Kildare Wildlife Watch: Beware of this pretty periwinkle that can take over your flowerbeds

With Nuala Madigan of the Irish Peatland Conservation Council

Nuala Madigan of the Irish Peatland Conservation Council

Reporter:

Nuala Madigan of the Irish Peatland Conservation Council

Email:

bogs@ipcc.ie

Kildare Wildlife Watch: Beware of this pretty periwinkle that can take over your flowerbeds

The greater periwinkle. Picture: Nuala Madigan

When I hear the term ‘periwinkle’ I automatically presume it’s a type of edible sea snail. I was surprised this week when I came across a beautiful purple flower growing in hedgerow close to my home, a flower I was not familiar with, and assumed it was an escapee from a neighbouring garden.

To be sure, I photographed the plant and on my return home, using www.wildflowerofireland.net, I confirmed my first impressions were correct. This is not a native wildflower, it is indeed a garden escapee — however it is not listed as being a species of either high or medium concern on Ireland’s invasive species list (www.biodiversityireland.ie).

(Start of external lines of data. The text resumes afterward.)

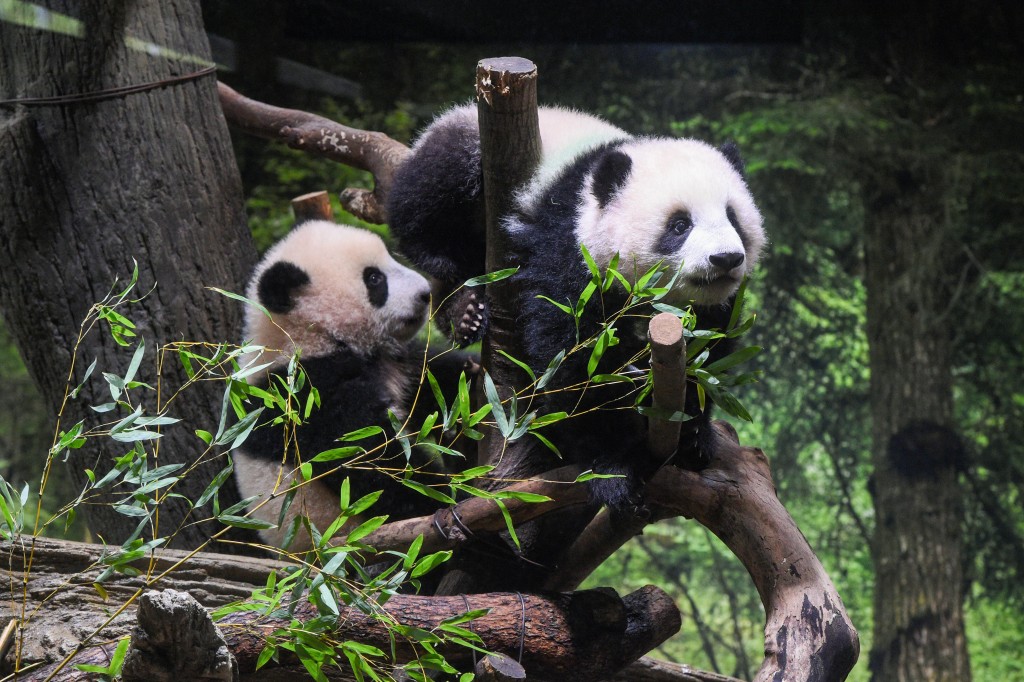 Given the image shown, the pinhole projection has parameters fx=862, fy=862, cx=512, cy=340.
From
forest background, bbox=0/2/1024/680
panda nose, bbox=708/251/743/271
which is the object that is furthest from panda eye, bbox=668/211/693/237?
forest background, bbox=0/2/1024/680

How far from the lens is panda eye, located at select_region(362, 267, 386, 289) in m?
2.43

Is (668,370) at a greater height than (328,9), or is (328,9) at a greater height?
(328,9)

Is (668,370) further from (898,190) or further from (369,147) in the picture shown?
(898,190)

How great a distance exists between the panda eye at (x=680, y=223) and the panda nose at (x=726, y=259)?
124mm

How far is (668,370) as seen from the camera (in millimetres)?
1332

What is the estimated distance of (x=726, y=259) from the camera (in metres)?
1.61

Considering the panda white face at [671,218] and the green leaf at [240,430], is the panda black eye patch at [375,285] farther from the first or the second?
the green leaf at [240,430]

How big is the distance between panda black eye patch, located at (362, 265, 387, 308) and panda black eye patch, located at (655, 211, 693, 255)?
0.97 metres

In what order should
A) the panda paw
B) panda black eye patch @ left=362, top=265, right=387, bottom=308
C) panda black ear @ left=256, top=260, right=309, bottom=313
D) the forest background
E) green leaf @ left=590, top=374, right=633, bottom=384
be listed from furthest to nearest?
the forest background < panda black eye patch @ left=362, top=265, right=387, bottom=308 < panda black ear @ left=256, top=260, right=309, bottom=313 < the panda paw < green leaf @ left=590, top=374, right=633, bottom=384

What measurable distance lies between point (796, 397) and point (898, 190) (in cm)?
103

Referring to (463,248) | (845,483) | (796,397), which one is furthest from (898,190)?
(463,248)

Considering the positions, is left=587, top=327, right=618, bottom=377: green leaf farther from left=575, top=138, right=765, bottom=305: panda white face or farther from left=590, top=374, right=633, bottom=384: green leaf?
left=575, top=138, right=765, bottom=305: panda white face

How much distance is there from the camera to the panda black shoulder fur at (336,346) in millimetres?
2174

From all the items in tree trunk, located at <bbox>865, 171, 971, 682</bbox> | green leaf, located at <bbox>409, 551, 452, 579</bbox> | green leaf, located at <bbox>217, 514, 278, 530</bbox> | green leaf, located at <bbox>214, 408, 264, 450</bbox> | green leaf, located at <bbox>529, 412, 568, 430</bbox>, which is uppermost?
green leaf, located at <bbox>214, 408, 264, 450</bbox> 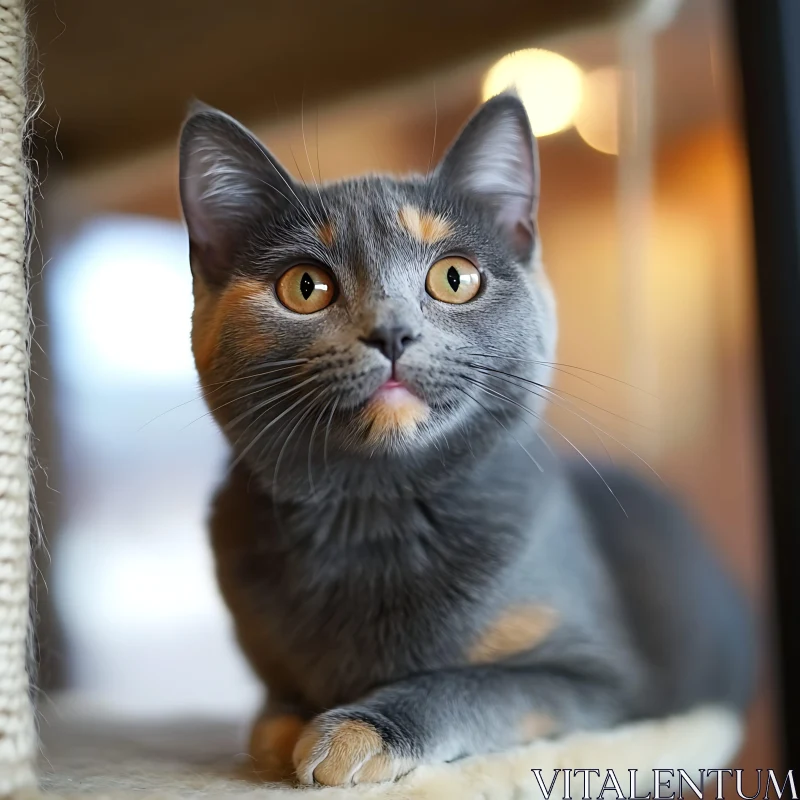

What connection does the plant have with periwinkles? Well, it’s only in name, as this week’s species is called greater periwinkle (fincín mór as Gaeilge).

You may find this flower not only growing in hedgerows in your local area, but also on waste ground and roadside verges where there are homes close by.

It was the bright, five-petalled purple and white flowers that caught my attention. The glossy oval green leaves of this plant are what made me consider it to be an introduced species, as, with the exception of holly and ivy, most other plants with glossy leaves are introduced — for example the beech tree.

It can grow to a height of 45cm and can spread with ease, as each time the stems of the plant touch the ground they have the ability to shoot new roots, in a similar manner as brambles do.

In bloom

This flower blooms from March to May, so now is the ideal time to identify this species in your local area — however as the leaves are evergreen you can identify them all year.

This plant has its origins in the warmer climates of Southern Europe, but successfully grows in the milder Irish climate. Its flower colour and glossy leaves make it a lovely ornamental flower, however its ability to spread can lead to it taking over flower beds — so be warned!